→ YOUR TASK
Would you filter these records and copy every line that has the word "Size"?

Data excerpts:
-------------------------
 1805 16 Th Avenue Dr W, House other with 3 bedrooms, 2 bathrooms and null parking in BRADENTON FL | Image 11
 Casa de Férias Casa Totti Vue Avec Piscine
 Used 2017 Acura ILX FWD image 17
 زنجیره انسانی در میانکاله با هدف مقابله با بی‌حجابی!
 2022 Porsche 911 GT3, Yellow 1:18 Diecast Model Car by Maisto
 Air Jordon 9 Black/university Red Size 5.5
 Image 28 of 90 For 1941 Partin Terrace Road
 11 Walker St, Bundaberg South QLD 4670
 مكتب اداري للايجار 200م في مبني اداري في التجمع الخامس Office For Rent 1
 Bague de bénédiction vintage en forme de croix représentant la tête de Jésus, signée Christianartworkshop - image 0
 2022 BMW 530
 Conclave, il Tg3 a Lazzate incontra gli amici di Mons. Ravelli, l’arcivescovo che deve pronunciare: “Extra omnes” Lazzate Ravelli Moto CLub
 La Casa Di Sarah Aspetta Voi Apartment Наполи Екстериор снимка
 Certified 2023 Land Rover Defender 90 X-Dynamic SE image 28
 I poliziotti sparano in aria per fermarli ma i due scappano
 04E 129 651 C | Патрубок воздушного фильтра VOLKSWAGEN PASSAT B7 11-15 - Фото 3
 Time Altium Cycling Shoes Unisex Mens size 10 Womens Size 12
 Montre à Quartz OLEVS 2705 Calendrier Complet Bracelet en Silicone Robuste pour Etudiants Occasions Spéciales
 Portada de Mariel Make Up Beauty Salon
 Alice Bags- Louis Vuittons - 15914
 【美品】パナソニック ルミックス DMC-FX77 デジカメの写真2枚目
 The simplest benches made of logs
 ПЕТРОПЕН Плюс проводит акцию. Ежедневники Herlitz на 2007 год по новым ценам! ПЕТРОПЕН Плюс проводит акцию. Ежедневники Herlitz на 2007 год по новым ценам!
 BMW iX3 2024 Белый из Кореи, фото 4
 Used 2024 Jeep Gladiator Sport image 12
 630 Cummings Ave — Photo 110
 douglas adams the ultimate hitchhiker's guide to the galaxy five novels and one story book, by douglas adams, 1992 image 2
-------------------------
→ ANSWER SPACE
 Air Jordon 9 Black/university Red Size 5.5
 Time Altium Cycling Shoes Unisex Mens size 10 Womens Size 12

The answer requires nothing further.